[Data under study — start]

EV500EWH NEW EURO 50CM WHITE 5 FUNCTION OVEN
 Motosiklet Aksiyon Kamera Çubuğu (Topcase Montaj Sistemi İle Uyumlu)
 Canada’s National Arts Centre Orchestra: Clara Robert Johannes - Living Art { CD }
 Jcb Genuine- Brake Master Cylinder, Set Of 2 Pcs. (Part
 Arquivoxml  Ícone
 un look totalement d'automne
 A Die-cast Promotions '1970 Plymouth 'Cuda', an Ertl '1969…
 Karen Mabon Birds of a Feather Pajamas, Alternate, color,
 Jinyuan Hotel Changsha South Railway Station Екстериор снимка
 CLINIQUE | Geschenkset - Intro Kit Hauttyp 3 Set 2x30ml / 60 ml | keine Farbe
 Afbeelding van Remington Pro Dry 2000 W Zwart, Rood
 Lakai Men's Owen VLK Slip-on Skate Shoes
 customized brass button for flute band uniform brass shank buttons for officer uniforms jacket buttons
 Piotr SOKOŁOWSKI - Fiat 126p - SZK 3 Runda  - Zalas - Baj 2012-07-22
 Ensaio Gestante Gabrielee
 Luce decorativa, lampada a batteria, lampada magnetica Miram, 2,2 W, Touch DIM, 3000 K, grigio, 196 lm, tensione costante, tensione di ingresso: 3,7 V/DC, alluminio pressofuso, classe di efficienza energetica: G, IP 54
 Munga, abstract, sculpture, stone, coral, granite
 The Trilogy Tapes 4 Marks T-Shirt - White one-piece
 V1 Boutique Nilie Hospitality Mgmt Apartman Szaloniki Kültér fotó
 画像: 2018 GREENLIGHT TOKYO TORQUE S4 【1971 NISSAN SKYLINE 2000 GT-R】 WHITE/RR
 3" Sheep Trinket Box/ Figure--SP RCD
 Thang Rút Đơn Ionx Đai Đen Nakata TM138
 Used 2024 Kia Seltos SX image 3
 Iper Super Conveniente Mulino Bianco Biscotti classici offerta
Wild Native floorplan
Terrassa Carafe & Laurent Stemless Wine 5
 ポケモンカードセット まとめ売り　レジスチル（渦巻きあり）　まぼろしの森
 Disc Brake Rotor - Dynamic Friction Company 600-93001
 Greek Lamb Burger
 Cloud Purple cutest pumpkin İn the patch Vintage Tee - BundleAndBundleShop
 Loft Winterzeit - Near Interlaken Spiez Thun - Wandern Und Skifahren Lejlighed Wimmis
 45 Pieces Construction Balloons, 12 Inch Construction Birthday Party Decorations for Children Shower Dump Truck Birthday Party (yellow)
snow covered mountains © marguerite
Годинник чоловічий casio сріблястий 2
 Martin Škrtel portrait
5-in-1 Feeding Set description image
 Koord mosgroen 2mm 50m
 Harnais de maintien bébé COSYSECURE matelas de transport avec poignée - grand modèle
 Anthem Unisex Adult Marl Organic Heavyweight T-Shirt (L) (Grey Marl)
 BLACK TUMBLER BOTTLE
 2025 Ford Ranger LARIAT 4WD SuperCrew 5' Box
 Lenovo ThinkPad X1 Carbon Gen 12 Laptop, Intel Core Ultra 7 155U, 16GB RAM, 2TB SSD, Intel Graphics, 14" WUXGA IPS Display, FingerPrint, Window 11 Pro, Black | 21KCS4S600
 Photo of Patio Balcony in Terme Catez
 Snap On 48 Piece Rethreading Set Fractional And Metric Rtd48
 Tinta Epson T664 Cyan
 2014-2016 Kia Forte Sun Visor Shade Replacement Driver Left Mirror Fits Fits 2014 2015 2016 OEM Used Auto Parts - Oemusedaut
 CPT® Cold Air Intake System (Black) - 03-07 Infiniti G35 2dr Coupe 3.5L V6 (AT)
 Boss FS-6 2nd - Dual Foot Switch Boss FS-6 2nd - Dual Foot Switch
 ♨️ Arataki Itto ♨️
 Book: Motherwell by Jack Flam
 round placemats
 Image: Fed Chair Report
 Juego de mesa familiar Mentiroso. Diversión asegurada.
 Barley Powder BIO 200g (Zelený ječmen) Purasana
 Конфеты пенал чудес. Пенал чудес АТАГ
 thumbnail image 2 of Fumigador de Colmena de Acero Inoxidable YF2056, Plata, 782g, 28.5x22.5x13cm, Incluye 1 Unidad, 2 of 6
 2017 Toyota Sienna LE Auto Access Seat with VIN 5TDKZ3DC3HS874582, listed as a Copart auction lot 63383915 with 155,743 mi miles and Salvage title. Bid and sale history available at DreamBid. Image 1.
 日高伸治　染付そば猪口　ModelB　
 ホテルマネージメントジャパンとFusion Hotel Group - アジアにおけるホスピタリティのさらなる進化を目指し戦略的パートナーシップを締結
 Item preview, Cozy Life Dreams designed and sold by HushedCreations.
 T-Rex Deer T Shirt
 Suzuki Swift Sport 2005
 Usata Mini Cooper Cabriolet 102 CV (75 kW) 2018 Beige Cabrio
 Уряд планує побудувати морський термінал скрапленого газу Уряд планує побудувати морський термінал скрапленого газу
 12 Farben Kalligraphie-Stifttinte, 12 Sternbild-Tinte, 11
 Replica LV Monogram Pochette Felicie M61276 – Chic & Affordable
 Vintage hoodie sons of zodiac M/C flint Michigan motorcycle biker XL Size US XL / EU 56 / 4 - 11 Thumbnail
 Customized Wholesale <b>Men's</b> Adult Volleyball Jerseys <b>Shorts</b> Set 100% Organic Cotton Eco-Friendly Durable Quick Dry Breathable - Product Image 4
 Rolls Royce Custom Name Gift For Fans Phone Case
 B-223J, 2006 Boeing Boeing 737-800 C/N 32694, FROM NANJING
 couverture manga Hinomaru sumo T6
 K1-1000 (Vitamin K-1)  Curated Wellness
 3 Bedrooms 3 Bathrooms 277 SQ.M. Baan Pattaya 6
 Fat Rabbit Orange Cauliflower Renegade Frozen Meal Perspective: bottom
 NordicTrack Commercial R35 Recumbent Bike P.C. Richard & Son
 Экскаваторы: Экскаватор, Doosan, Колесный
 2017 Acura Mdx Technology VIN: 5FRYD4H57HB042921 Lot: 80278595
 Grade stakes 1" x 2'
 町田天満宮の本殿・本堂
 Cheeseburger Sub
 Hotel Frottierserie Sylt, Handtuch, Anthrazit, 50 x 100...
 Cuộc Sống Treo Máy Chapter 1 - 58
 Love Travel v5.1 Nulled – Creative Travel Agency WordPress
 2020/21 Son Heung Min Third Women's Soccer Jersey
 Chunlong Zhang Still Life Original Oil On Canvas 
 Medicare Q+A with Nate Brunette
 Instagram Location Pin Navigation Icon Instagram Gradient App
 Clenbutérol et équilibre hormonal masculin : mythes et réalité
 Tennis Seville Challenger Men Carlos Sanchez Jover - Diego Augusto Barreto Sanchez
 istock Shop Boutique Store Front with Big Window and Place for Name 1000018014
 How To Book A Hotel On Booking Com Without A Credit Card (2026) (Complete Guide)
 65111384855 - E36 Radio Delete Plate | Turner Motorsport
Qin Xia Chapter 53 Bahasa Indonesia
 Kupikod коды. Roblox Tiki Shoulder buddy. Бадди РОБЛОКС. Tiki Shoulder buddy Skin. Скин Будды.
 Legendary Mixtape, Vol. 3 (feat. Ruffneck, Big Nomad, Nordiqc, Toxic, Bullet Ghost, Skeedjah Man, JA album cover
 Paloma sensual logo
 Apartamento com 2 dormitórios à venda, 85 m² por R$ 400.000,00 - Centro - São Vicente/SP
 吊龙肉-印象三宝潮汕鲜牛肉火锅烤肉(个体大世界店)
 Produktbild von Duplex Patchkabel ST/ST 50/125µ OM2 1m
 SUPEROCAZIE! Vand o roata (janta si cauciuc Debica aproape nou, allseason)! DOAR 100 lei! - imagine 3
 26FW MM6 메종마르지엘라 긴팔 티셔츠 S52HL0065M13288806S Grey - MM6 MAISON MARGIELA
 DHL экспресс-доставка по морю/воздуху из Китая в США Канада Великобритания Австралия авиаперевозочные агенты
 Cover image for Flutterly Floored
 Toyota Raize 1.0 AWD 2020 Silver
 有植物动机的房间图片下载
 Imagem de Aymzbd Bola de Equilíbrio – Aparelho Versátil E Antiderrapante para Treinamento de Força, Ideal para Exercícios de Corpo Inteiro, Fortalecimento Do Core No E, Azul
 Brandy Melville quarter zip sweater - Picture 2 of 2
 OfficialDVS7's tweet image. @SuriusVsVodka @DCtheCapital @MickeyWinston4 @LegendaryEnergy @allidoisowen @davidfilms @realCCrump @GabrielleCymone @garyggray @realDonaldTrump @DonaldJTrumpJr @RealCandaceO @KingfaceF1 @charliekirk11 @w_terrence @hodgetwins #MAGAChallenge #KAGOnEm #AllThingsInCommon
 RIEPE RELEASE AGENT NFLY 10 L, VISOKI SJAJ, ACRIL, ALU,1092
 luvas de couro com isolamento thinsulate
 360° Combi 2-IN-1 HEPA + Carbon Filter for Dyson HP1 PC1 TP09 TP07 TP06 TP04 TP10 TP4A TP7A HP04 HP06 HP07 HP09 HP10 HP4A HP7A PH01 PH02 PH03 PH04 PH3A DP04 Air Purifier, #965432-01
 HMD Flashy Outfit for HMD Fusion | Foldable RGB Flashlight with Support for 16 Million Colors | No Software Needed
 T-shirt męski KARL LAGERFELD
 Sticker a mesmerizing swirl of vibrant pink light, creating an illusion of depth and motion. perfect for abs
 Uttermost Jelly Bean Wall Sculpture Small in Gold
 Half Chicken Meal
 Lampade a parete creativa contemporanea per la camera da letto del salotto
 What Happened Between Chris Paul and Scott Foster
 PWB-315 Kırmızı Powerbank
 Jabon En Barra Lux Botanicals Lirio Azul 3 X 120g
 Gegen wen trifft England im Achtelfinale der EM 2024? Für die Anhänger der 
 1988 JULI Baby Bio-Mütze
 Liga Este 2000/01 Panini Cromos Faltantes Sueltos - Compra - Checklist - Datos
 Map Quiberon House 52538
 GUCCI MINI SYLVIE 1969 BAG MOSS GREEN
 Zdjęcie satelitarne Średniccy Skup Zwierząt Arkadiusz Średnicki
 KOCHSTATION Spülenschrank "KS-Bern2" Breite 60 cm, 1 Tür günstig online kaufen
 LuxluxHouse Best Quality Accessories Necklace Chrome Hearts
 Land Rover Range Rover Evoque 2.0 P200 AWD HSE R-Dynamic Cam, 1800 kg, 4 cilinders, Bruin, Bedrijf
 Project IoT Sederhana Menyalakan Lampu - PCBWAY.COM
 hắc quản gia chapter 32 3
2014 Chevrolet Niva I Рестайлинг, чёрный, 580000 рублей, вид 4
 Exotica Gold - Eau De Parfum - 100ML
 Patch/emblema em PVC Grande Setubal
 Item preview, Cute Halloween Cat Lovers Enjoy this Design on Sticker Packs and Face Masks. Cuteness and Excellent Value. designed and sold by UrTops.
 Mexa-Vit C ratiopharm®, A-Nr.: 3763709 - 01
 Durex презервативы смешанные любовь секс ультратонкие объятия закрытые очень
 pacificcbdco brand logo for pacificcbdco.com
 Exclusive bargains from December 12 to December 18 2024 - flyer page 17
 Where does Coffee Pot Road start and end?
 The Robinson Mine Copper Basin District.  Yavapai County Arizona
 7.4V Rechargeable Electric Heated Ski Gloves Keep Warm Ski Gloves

[Data under study — finish]

- [Exercise requirements]:
All lines above from the one with "T-Rex Deer T Shirt" to the one with "B-223J, 2006 Boeing", inclusive, should be copied exactly, and no other lines.

- [Task response]:
 T-Rex Deer T Shirt
 Suzuki Swift Sport 2005
 Usata Mini Cooper Cabriolet 102 CV (75 kW) 2018 Beige Cabrio
 Уряд планує побудувати морський термінал скрапленого газу Уряд планує побудувати морський термінал скрапленого газу
 12 Farben Kalligraphie-Stifttinte, 12 Sternbild-Tinte, 11
 Replica LV Monogram Pochette Felicie M61276 – Chic & Affordable
 Vintage hoodie sons of zodiac M/C flint Michigan motorcycle biker XL Size US XL / EU 56 / 4 - 11 Thumbnail
 Customized Wholesale <b>Men's</b> Adult Volleyball Jerseys <b>Shorts</b> Set 100% Organic Cotton Eco-Friendly Durable Quick Dry Breathable - Product Image 4
 Rolls Royce Custom Name Gift For Fans Phone Case
 B-223J, 2006 Boeing Boeing 737-800 C/N 32694, FROM NANJING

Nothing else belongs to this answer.